**Work order:** The records follow. Filter them to the lines that hold "Cotton".

(Input)

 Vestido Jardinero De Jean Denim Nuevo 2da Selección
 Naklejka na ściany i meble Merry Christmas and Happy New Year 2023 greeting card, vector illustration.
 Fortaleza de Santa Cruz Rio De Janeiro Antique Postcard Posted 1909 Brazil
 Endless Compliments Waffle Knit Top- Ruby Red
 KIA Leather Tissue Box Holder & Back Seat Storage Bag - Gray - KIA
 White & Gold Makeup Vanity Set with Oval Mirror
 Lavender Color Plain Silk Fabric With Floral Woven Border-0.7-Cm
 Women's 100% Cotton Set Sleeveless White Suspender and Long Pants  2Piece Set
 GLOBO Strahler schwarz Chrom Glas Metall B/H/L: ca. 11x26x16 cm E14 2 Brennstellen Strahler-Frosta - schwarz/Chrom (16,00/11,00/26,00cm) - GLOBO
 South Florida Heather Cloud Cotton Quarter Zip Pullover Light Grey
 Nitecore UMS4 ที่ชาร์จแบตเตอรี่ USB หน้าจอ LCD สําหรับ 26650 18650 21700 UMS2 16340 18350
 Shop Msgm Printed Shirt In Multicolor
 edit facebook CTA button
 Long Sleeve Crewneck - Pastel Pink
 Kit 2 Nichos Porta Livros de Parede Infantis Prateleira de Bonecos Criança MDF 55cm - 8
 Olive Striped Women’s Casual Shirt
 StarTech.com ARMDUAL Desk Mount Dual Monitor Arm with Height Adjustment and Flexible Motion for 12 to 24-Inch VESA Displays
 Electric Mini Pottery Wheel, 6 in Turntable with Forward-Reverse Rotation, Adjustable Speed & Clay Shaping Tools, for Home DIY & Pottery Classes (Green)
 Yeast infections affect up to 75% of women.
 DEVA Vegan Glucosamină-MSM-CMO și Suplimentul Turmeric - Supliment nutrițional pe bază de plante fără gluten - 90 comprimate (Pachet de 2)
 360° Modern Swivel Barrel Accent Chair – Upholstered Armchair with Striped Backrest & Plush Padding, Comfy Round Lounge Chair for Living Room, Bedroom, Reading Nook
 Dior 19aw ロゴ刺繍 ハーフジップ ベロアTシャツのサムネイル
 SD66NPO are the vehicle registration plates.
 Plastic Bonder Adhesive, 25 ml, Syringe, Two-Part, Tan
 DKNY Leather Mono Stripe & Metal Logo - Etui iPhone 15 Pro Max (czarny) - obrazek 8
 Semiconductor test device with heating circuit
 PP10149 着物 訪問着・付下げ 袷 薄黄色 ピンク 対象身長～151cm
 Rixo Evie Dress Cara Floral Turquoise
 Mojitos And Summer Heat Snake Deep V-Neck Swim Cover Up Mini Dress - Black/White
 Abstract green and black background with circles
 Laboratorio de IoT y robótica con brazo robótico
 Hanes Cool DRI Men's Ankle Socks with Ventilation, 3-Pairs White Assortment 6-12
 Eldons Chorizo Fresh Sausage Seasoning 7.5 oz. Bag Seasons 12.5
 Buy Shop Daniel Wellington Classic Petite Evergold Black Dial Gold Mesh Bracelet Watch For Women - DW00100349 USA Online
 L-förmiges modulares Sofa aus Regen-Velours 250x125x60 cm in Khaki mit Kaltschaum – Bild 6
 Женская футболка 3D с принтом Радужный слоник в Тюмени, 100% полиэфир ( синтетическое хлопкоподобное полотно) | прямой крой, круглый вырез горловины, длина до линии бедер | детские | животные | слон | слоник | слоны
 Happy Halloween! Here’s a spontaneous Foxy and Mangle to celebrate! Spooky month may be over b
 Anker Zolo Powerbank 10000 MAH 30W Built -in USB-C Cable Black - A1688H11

(End Input)

**Exercise output:**
 Women's 100% Cotton Set Sleeveless White Suspender and Long Pants  2Piece Set
 South Florida Heather Cloud Cotton Quarter Zip Pullover Light Grey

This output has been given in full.